**YOUR GOAL:** I'd ask you to write out the lines below exactly, with no images.

**DATA SECTION:**
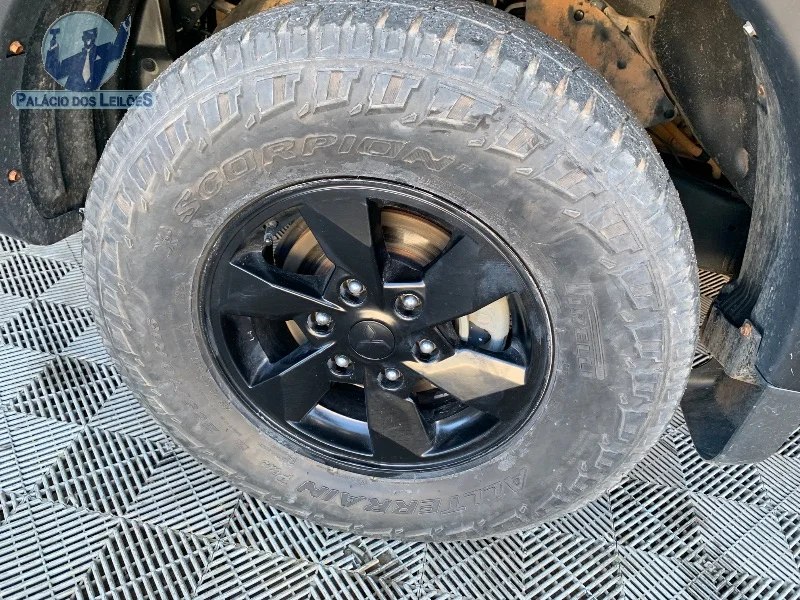 Lote 303 - MMC TRITON SP OUTD GLS A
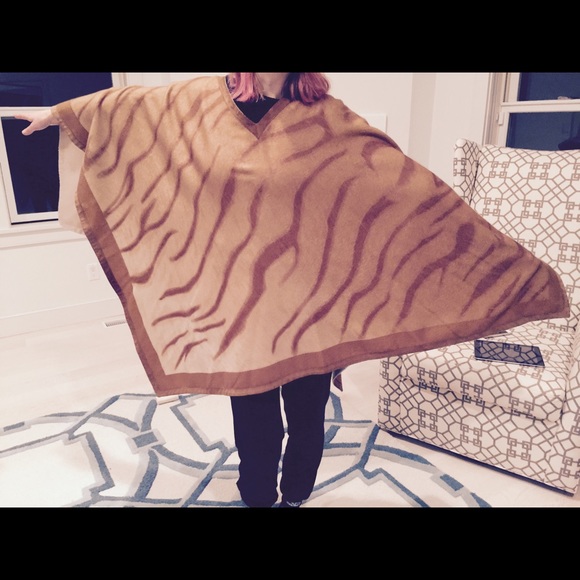 Vintage 100% CASHMERE REVERSIBLE CAPE:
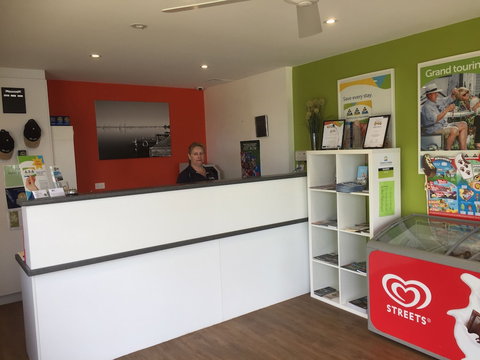 Tasman Holiday Parks - Lake Mulwala - Perths Hotel 1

**TASK OUTPUT:**
 Lote 303 - MMC TRITON SP OUTD GLS A
 Vintage 100% CASHMERE REVERSIBLE CAPE:
 Tasman Holiday Parks - Lake Mulwala - Perths Hotel 1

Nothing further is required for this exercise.